LMDB Import - Software Design Specification

Introduction

The first implementation of “import” functionality based on import for bdb has two major drawbacks: - bad performance compared to bdb import - database size grows out of control This document present a proposal to fix theses issues. By “import” I mean the ldif2db, reindex, total update and upgrade functionalities.

bdb import synopsys

In bdb plugibn code there are two way to import things - reindex / upgrade - import / total update

bdb reindex / upgrade synopsys

reindex is handled by a single thread that read the entries then update the indexes.

bdb import / total update synopsys

importi/total update is handled by a set of threads:

thread	role
ldif2db provider	read ldif entries and push them towards foreman
total update provider	push added entry towards foreman
foreman	write entry in db, update special indexes like entryrdn, push entry towards workers
worker	There are one worker per attributes (regular or vlv) to index. a worker thread is in charge of updating a single attribute

This is quite efficient because a thread handled all the write in a db instance. Infortunately lmdb allows only a single active write txn so the write cannot be parallelized (and by calling back some backend function, read txn are implicitely used which also cause trouble with lmdb )

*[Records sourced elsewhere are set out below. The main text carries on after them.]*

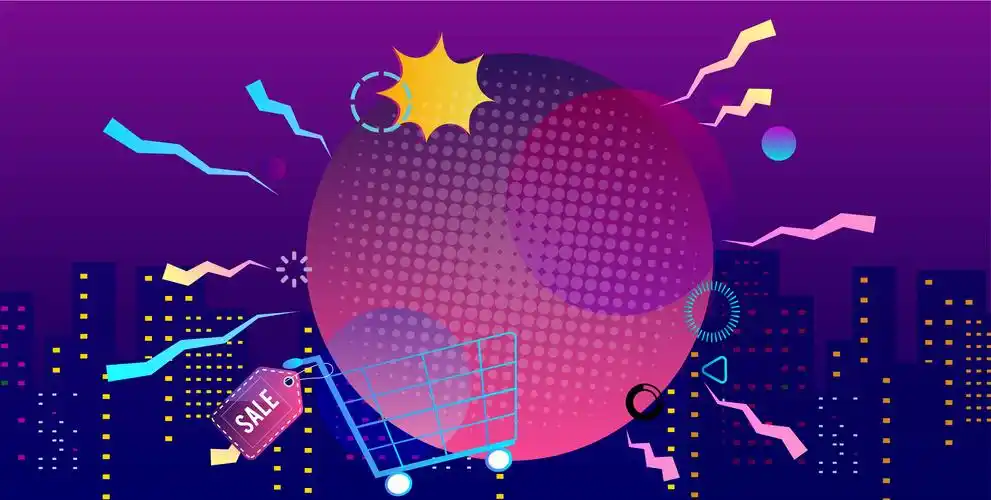 电子购物促销海报横版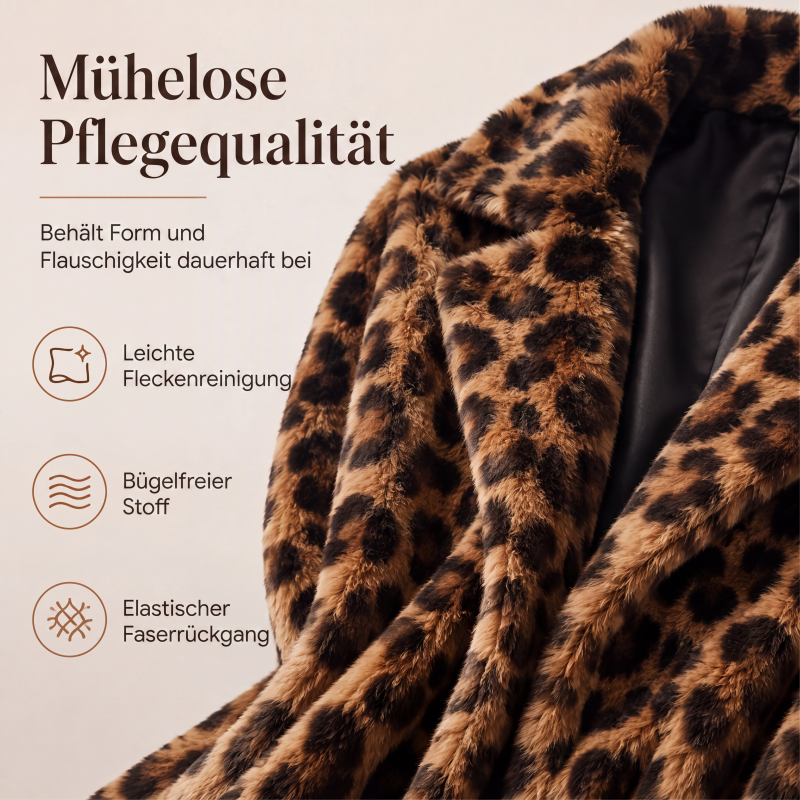 Stilvoller Damen-Kunstfellmantel mit Leopardenmuster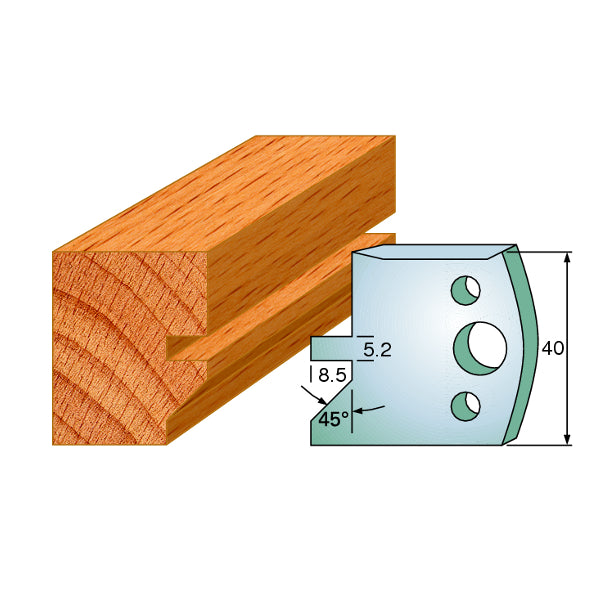 Fraises pour toupie à broche Profile 084 - Ensemble de couteaux et limiteurs de 40 mm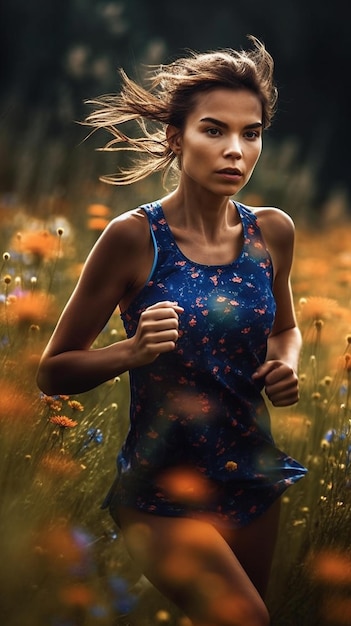 Une femme qui court dans un champ de fleurs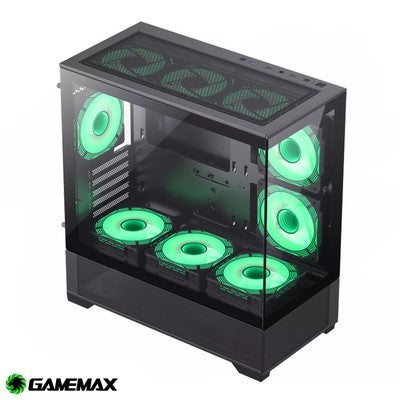 CASE GAMEMAX VISTA MB BK M-ATX USB 3.0/2.0 FAN OPCIONALES (POST, CHASIS LAT, INFE, SUPE) LAT. Y FRONT VIDRIO TEMP. SUPP. LIQUID COOLER GARANTIA 12 MESES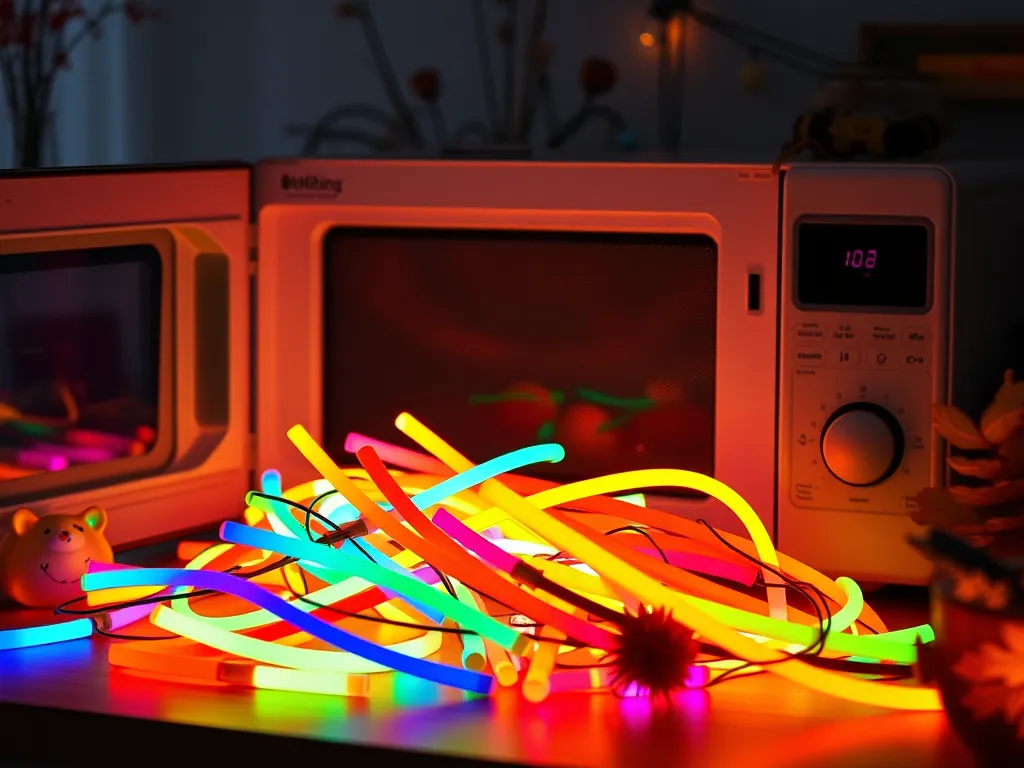 Colorful cables around a microwave, illustrating concepts related to EMF shielding for microwaves.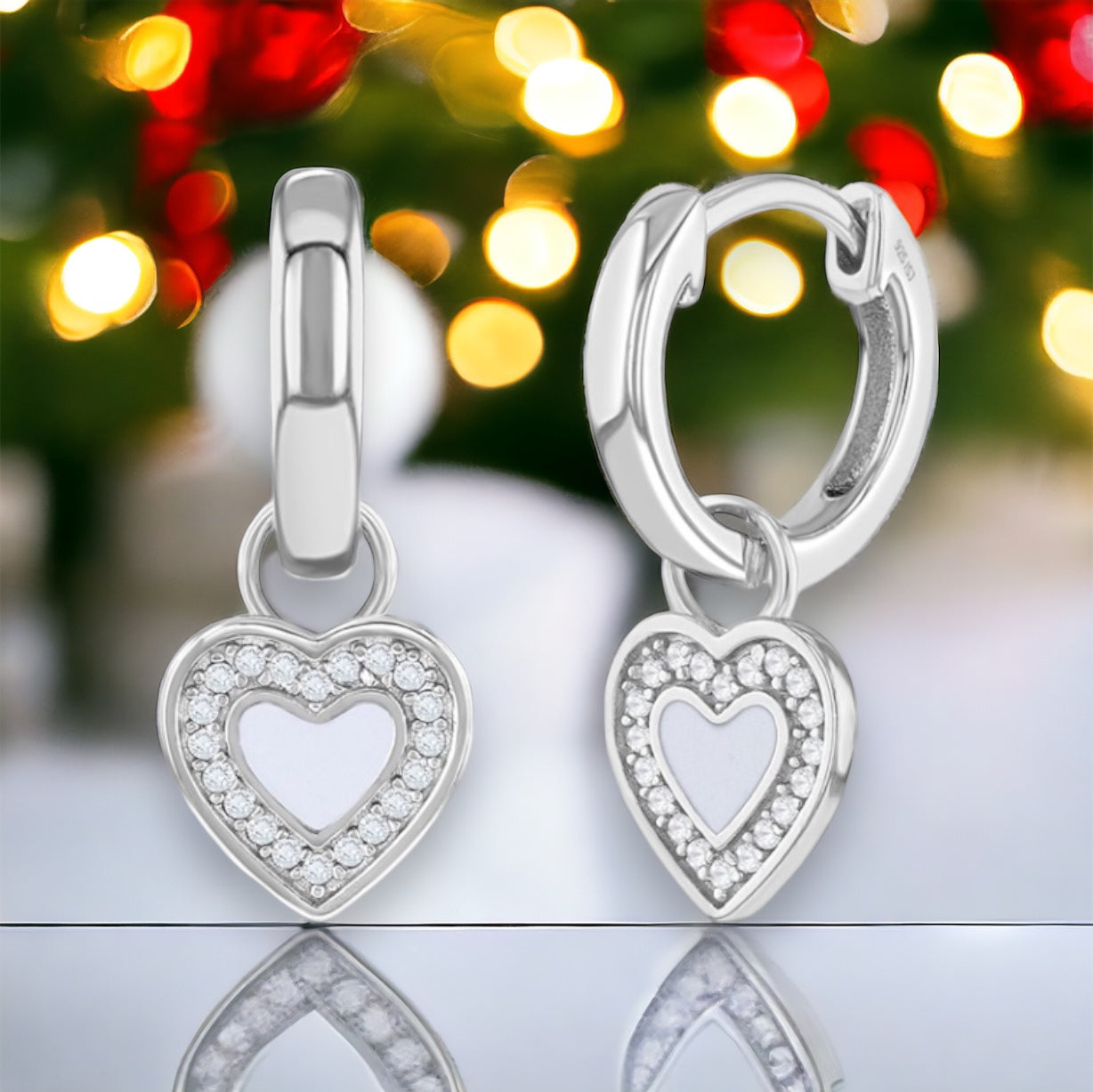 Enamel Heart Drop Hoop Earrings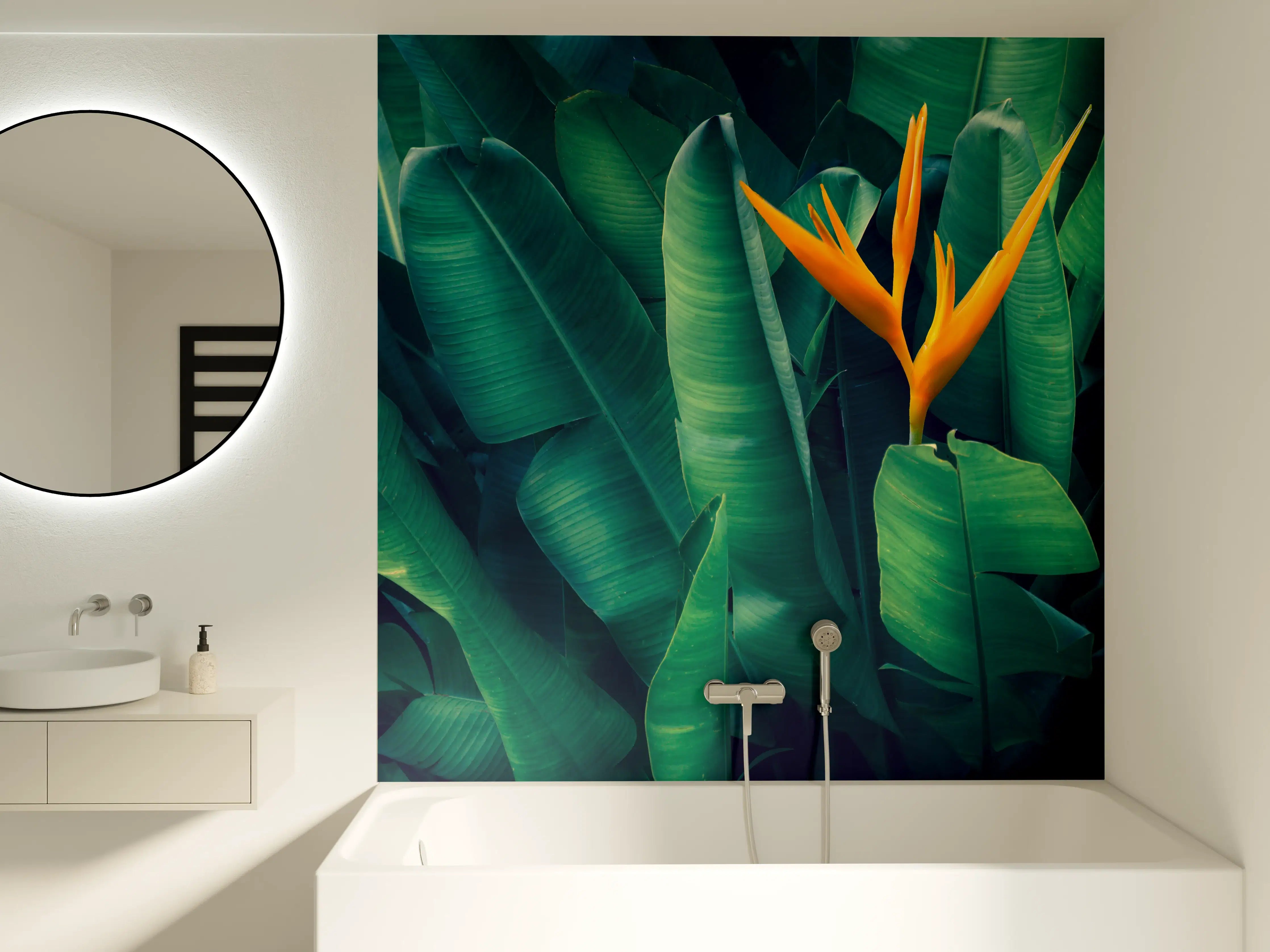 Badewannen-Rückwand - Tropische Blätter mit orangefarbiger Blume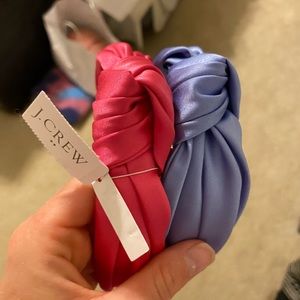 Jcrew Satin Knot Headbands, pink and periwinkle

Proposed lmdb import synopsys

The idea is to have the same model for all functions with the following threads:

import

SOURCE	THREAD	THREADS	THREAD	RESULT
		WORKER
		WORKER
LDIF	PROVIDER	WORKER	WRITER	Main database
		WORKER
		WORKER

index

SOURCE	THREAD	THREADS	THREAD	RESULT
		WORKER
		WORKER
Main database id2entry	PROVIDER	WORKER	WRITER	Main database
		WORKER
		WORKER

upgrade

SOURCE	THREAD	THREADS	THREAD	RESULT
		WORKER
		WORKER
Main database id2entry	PROVIDER	WORKER	WRITER	Main database
		WORKER
		WORKER

bulk import

SOURCE	THREADS	THREAD	THREADS	THREAD	RESULT
			WORKER
			WORKER
Suplier	LDAP operation working thread	PROVIDER	WORKER	WRITER	Main database
			WORKER
			WORKER

Thread descriptions

thread	role
index/upgrade provider	read entries from id2entry (releasing the txn aftewards) and push them towards workers
ldif2db provider	read ldif entries and push them towards workers
bulk import provider	get entries from bulk import queue, prepare the entry info and parent entry info (delaying the entry until the parent is added) then push the entry to worker queues
ldap operation worker threads	push added entry towards bulk import provider
workers	Compute ancestors ids (from DN or from parent id) using entryrdn cache or entryrdn db instance Push toward writer the 3 entryrdn keys (The entry, The parent entry, The child entry (of parent)) and data Push toward writer the ancestorid keys and data Push toward writer the id2entry key and data Push toward writer all indexes keys and data
writer	Wait until enough triplet (dbi, key, data) are in the queue the open a write txn put key,data in dbi then commit the txn and flush the entryrdn cache

Detailed Design

Functions

InitWorkerSlots

Change backend state (to referral)
if Import of Total update:
    delete the backend bdi ...

Generate be attribute list and open/create associated dbi
    Special dbi/indexes:
        id2entry (if upgrade rename it to :id2entry to avoid overwriting it.
        ANCESTORID
        ENTRYRDN
        numsubordinates
    Note: in upgrade/reindex case the entries keep the same id, and entryrdn is not recomputed because:
      * migration from old dn model to "new" dn model support is not supported over bdb.
      * if entryrdn is broken we are no more able to get the entry dn anyway
    avl_apply(job->inst->inst_attrs, (IFP)dbmdb_import_attr_callback,
              (caddr_t)job, -1, AVL_INORDER);
    vlv_getindices((IFP)dbmdb_import_attr_callback, (void *)job, be);
if upgrade/reindex:
    Determine which attribute must be indexed
For all reindexed file:
    reset the dbi and mark it as DIRTY
    set the index off line (index->ai->ai_indexmask &= ~INDEX_OFFLINE)
Compute nbslot accoding to util_get_hardware_threads()
start worker threads and writer thread

Provider:

Mode	Caller	Action
index/upgrade	index/upgrade	Get next entry in id2entry (reopening a txn and a cursor / moving to last seen id and getting next one) prepare entry and parent entry info ==> push id and entry data to worker
bulk import	dbmdb_db2ldif	Get next entry from bulk import queue (pushed by ldap operation worker thread when receiving the ldap add operation from the supplier) then prepare the entry and parent entry info (delaying the entry util parent entry exists) then push the id and the entry ldif string to worker
import	dbmdb_db2ldif	Get next entry in ldif file, generate an id then prepare the entry and parent entry info and push these data to worker. If RUV is seen before the suffix entry it is kept and push after the last entry.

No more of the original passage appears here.